You can then initialize a Parameters object such as `param = Parameters( 
... )` and replace all dict indexing with field access. Do the same for 
`dist` and `data`. (You may not be able to make these immutable, though, 
depending on whether or not you need to update them).

Finally, I'd wrap your `v1`, `term_condition` and `iter` declarations, as 
well as the subsequent `while` loop, in a `run()` function.

On Saturday, September 19, 2015 at 10:50:50 AM UTC-7, Adam wrote:
>
> Hi, I'm a novice to Julia but have heard promising things and wanted to 
> see if the language can help with a problem I'm working on. I have some 
> Matlab code with some user-defined functions that runs a simulation in 
> about ~1.4 seconds in Matlab (for a certain set of parameters that 
> characterize a small problem instance). I translated the code into Julia, 
> and to my surprise the Julia code runs 5x to 30x slower than the Matlab 
> code. I'll be running this code on much larger problem instances many, many 
> times (within some other loops), so performance is important here. 
>
> I created a GitHub gist that contains a stripped-down version of the Julia 
> code that gets as close to (as I can find) the culprit of the problem. The 
> gist is here: https://gist.github.com/anonymous/010bcbda091381b0de9e. A 
> quick description: 
>
>    - set_up.jl sets up parameters and other items.
>    - set_up_sim.jl sets up items particular to the simulation.
>    - simulation.jl runs the simulation.

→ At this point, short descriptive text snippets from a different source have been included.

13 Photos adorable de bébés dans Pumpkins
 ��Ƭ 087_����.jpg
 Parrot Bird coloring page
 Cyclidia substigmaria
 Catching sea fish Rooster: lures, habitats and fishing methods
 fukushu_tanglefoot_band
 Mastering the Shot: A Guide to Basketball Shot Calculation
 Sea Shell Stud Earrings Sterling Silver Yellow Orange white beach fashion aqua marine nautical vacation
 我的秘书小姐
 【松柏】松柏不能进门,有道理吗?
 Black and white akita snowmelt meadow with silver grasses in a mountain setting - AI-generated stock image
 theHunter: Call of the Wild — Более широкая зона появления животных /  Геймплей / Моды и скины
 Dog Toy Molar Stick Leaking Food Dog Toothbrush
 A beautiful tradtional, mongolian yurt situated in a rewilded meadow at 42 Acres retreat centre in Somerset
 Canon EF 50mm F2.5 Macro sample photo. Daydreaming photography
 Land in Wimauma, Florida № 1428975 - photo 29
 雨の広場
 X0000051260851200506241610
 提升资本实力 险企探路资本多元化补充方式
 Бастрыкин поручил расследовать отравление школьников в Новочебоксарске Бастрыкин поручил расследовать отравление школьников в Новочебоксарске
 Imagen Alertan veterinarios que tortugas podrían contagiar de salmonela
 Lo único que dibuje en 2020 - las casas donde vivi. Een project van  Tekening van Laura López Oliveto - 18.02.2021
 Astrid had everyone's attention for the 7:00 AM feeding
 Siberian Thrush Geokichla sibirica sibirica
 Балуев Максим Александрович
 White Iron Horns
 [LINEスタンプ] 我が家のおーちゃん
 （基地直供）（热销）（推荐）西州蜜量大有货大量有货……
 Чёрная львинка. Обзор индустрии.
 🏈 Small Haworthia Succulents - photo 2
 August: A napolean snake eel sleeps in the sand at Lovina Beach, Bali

>    - calc_net.jl, dist_o_i.jl, and update_w.jl are user-defined functions 
>    executed in the simulation. 
>
>
> On my laptop (running in Juno with Julia version 0.3.10), this code yields:
> elapsed time: 43.269609577 seconds (20297989440 bytes allocated, 38.77% gc 
> time)
> elapsed time: 38.500054653 seconds (20291872804 bytes allocated, 40.41% gc 
> time)
> elapsed time: 40.238907235 seconds (20291869252 bytes allocated, 39.44% gc 
> time)
>
> Why is so much memory used, and why is so much time spent in garbage 
> collection?
>
> I'm familiar with 
> http://docs.julialang.org/en/release-0.3/manual/performance-tips/ and 
> have tried to follow these tips to the best of my knowledge. One example of 
> what might be seen as low-hanging fruit: I tried removing the type 
> declarations from my functions, but this actually increased the run-time of 
> the code by a few seconds. Also, other permutations of the column orders 
> pertaining to D, T, and I led to slower performance. 
>
> I'm sure there are several issues at play here-- I'm just using Julia for 
> the first time. Any tips would be greatly appreciated.